İstanbul Bilgi Üniversitesi Çocuk Çalışmaları Ünitesi (ÇOÇA) tarafından Santralistanbul Kampusu’nda düzenlenen toplantıda “Çocuğun Yeterli Olma Hali İstanbul Araştırması”nın bulguları açıklandı.
İstanbul’un 100 mahallesinde 803 hanede çocuklar ve anne-babalarıyla yapılan yüz yüze görüşmelere dayanarak yürütülen araştırma, çocukların güzel olma halini “maddi durum”, “sağlık”, “eğitim”, “risk ve güvenlik”, “barınma ve çevre”, “katılım” ve “ilişkiler” başlıkları altında ele alıyor.
Araştırmanın bulgularından kimileri şöyle:
- İstanbul’daki hanelerin yüzde 3’ünde fizikî ya da zihinsel engelli bir kişi varken bu oran en düşük sosyoekonomik statüde yüzde 7’ye çıkıyor, yani iki katından fazla.
- Yüksek sosyoekonomik statüye sahip hanelerin yiyecek tüketim sıklığı başkalarına kıyasla fazla. Bu kategorideki ailelerin üçte biri haftada iki ve daha sık kırmızı et tükettiğini söylerken bu sıklıkta et tüketen ailelerin oranı en düşük sosyoekonomik statü kümesinde yüzde 13.
- En düşük sosyoekonomik statüye sahip ailelerin üçte biri okul gezisi ve gibisi aktiflikleri, yüzde 27’si özel ders/dershane üzere masrafları karşılayamadığını söylüyor. Kırtasiye ve okulda meslek masraflarını karşılayamadığını söyleyen ebeveynleri oranı yüzde 15’in üzerinde.
YOKSULLUK KIYMETLERE YANSIYOR
- Aileler ortasındaki sosyoekonomik statü farklılıkları ebeveynlerin sahip olduğu bedellere de yansıyor. Yüksek sosyoekonomik statüye sahip ailelerde çalışkanlık, sorumluluk duygusu, öteki insanlara karşı hürmet ve müsamaha ön plana çıkarken düşük sosyoekonomik statü kategorisinde dindarlık, tutumluluk ve kelam dinleme üzere kıymetlere daha fazla vurgu yapılıyor.
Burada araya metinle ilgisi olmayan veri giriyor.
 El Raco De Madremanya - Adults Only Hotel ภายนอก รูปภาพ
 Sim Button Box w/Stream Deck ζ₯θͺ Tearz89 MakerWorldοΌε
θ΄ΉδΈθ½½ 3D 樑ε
- En düşük sosyoekonomik statüye sahip çocukların ortasında bilgisayar sahipliği oranı yüzde 47, internet irtibatlı cep telefonu sahipliği yüzde 73 ve internete erişimi olanların oranı ise yüzde 80.
- Çocukların üçte ikisi hayatlarından şad olduklarını belirtirken en düşük sosyoekonomik statüye sahip çocuklarda bu oran yüzde 47. Orta ve yüksek sosyoekonomik statü kategorilerinde bu oran yüzde 70’in üzerine çıkıyor.
KAYGI SEVİYELERİ YÜKSEK
- Araştırma çalışması çocuklar ortasında korkuların yaygın olduğunu gösteriyor. Çocuklar aile bireylerinin başına bir şey gelmesinden, COVID-19 pandemisinden, aile bireylerinden birinin işsiz kalmasından tasa duyuyorlar.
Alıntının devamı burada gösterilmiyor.